Un petit monde

Atlantic rim

Il y a quelques jours, deux sites de grands quotidiens français (1, 2) se sont fait l’écho d’un sondage « démontrant » que les « parents » français sous-estimaient le coût des études à l’étranger:

 

Si les parents français sont 65 % à envisager que leurs enfants étudient à l’étranger, ils semblent peu au courant du coût que cela représente, indique un sondage international de la banque HSBC sur la valeur des études, publié mercredi 9 septembre. Ils évaluent en effet à 20 % le surcoût par rapport à un cursus équivalent réalisé sur le sol national (estimé à 48 500 dollars par an, soit 43 300 euros) alors qu’il faut en réalité compter 241 % de plus, soit un total de 165 000 dollars (soit 147 400 euros) pour suivre l’ensemble d’un premier cycle aux Etats-Unis, en additionnant frais de scolarité et frais de vie.

 

Les deux articles en question sont à mon avis symptomatiques d’une tendance française générale dans l’appréciation des systèmes d’enseignement supérieur/recherche des pays étrangers: focalisation sur les Etats-Unis, et à l’intérieur des Etats-Unis sur certains cas extrêmes. Une simple recherche google « tuition fees » vous permettra de juger sur pièces, je recommande surtout de tester des universités non américaines. Sans compter les programmes d’échanges, voire les diplômes en commun.
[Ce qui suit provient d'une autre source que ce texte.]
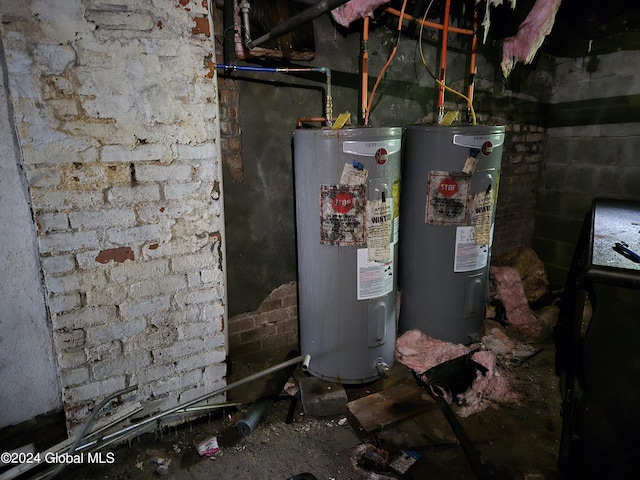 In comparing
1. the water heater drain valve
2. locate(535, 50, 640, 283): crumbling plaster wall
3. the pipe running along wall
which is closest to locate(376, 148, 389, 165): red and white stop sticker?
the pipe running along wall

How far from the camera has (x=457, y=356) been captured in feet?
8.36

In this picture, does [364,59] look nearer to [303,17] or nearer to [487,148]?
[303,17]

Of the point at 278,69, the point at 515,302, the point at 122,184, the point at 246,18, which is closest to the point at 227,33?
the point at 246,18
Non, « l’étranger » n’est pas cet espèce de monstre vaguement harvardesque fantasmé en France qui, parfois, gouverne les discours et « réformes » sur la recherche.  L’ailleurs est parfois semblable, parfois différent, et je m’efforcerai ici de donner un autre regard, transatlantique mais francophone, forcément un peu biaisé, sur le petit monde universitaire.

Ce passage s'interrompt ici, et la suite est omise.